Our $5 Trip to the ER

Last Updated on July 22, 2014


[Caution: this post may not be for the faint of heart – like me.]


It all started Sunday night, just before 8pm. I was in the other room when R came rushing in with blood all over his hand. He had sliced his index finger open on a glass.

Now, I do not do well with all things medical. Like, at all. I started to feel lightheaded right away, but I sucked it up and helped him as best as I could. We got him cleaned up and covered the cut with band-aids before returning to watching tv. My stomach started to settle, but R was still bleeding a lot. After a quick consultation with Google, we decided it might be best to go to the Emergency Room.

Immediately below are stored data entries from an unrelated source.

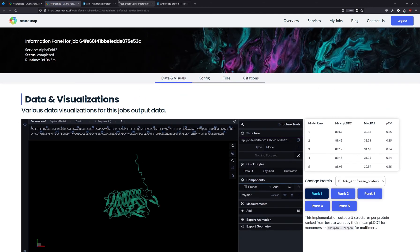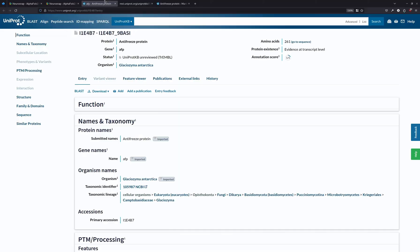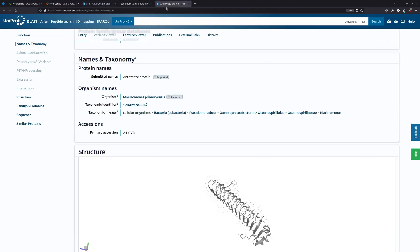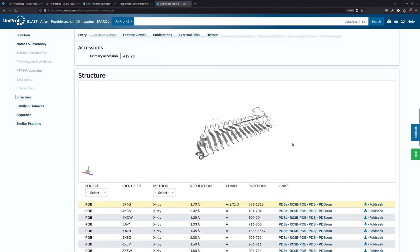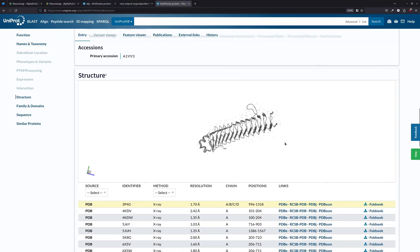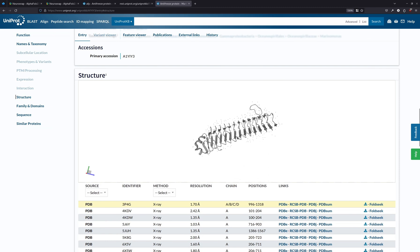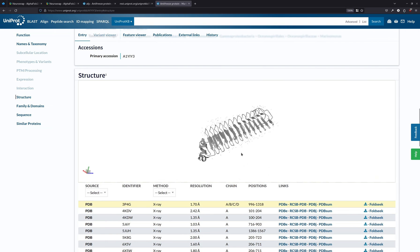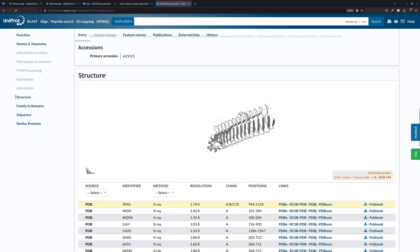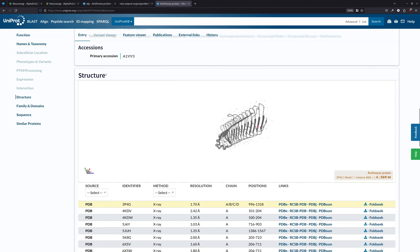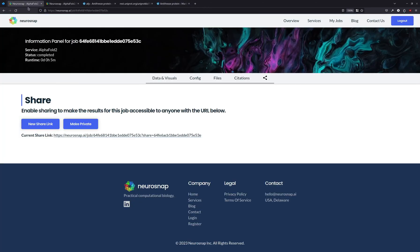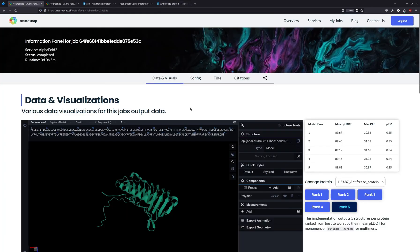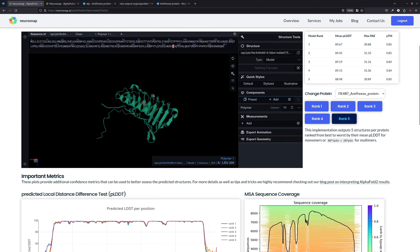On top of that, we can compare it to another antifreeze protein. So this is another antifreeze protein from, I believe, a species of bacteria. And as we can see, it has more or less the same motif, which tells us that this is very likely to be an accurate structure.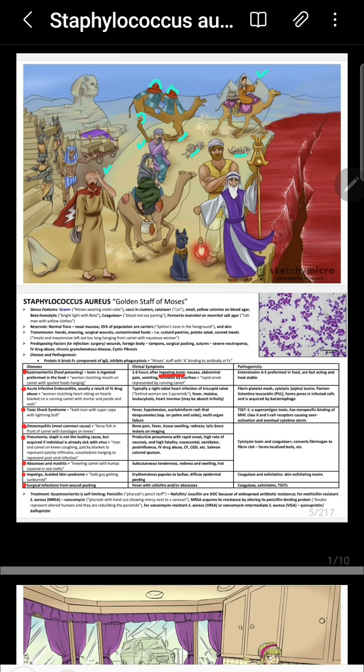Scalded skin syndrome is symbolized by this man's bald head and red-colored appearance. It is mediated by a toxin called scalded skin syndrome toxin, also called exfoliatin. Exfoliatin is a protease that cleaves desmoglein in tight junctions in the skin, causing peeling of the skin — desquamation.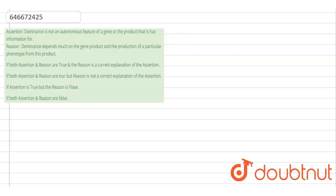The question is about assertion and reason. The assertion is: dominance is not an autonomous feature of a gene or the product it has information for. The reason is: dominance depends much on the gene product and the production of a particular phenotype from this product. Let's discuss the dominance character.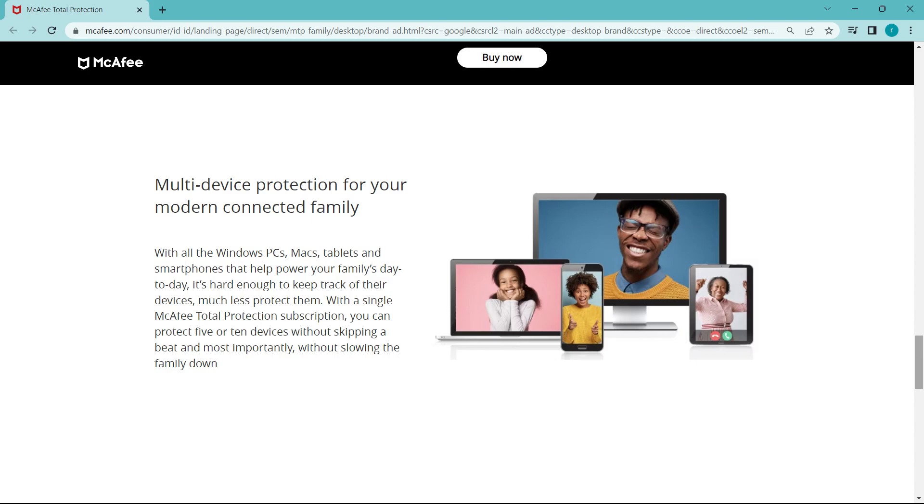Next up, we have scalability and flexibility. Cloud-based antiviruses are highly scalable and can adapt to the evolving needs of businesses and individuals. They can easily accommodate new users, devices, and locations without needing significant infrastructure investments. Also, cloud-based solutions can provide the flexibility to manage security remotely, making them ideal for organizations with distributed workforces.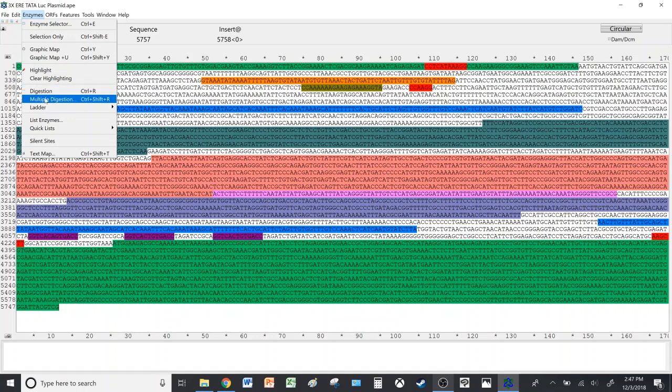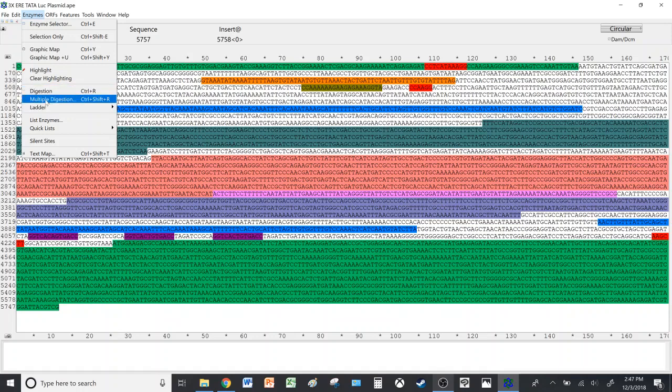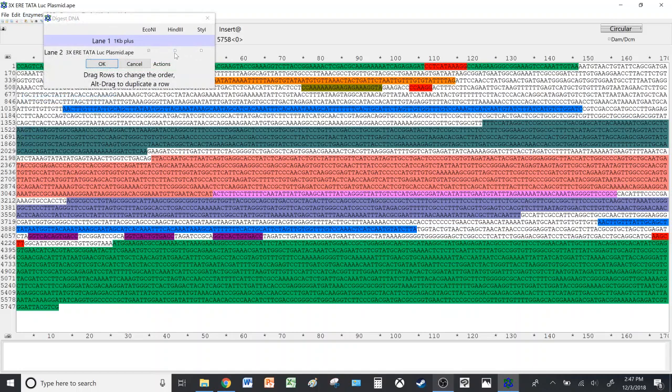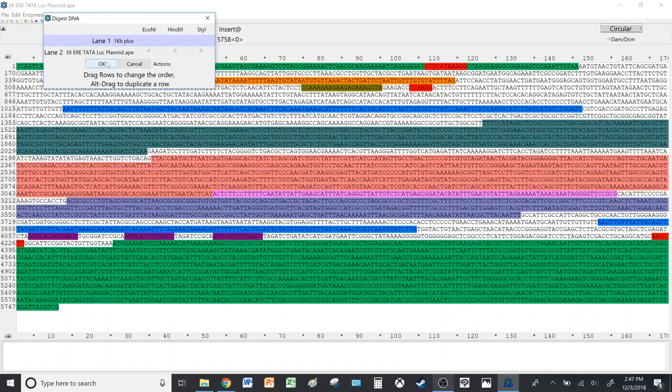We'll take 1 KB Plus, and then we'll take a look at Digestion and Multiple Digestion. I always use Multiple Digestion because it allows you to select and deselect the enzymes you chose depending on your preference or what you would like to see. Then you click OK.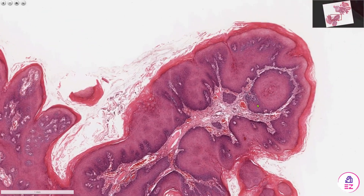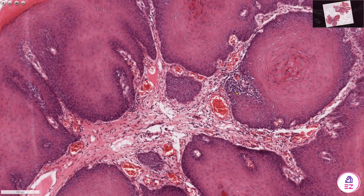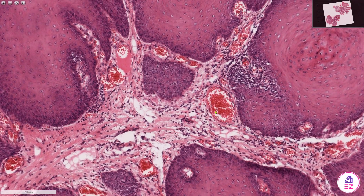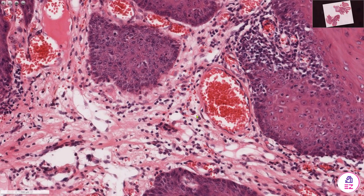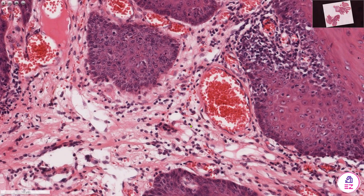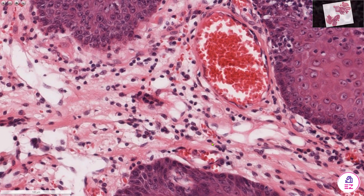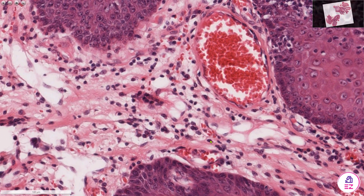It's not uncommon to see foci of inflammatory cells as well. In this case we have multiple lymphocytes and it looks like the occasional plasma cell as well.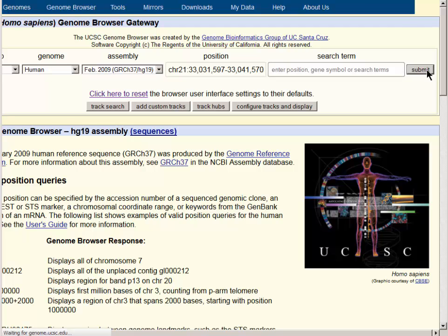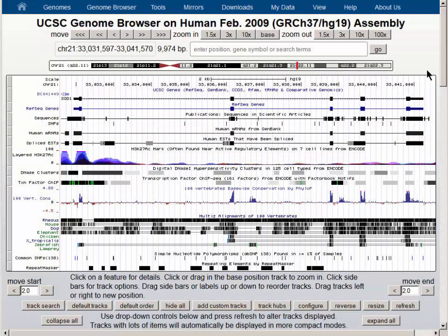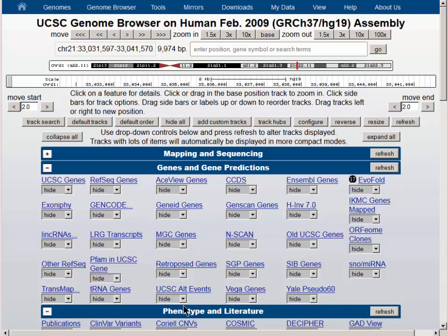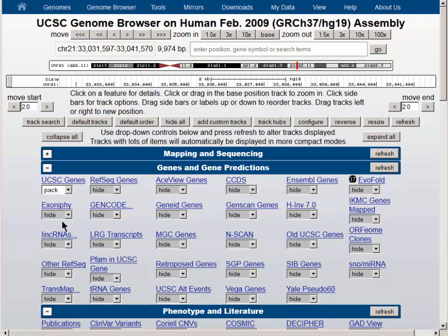The submit button takes us into the main browser viewer with a large number of data tracks turned on. The hide all button below the browser graphic allows us to turn all of these data tracks off and start with a clean page. We will turn on the UCSC Genes Track to pack, but you can see we can use other genes for this purpose as well — the RefSeq or the Gencode gene tracks.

After we drove to the hospital and found parking (because the free ER parking lot was of course full) it had been about 45 minutes. We told this to the check-in desk person, who gave us a bit of attitude for waiting so long. (Funny, she didn’t seem all that concerned while she took her sweet-ass time checking in the person before us.) The attitude continued as we moved to the triage nurse. She gave R a hard time for not knowing my phone number or what our current marital status would be classified as – despite the fact he was bleeding and was probably in a bit of shock. (Seriously?)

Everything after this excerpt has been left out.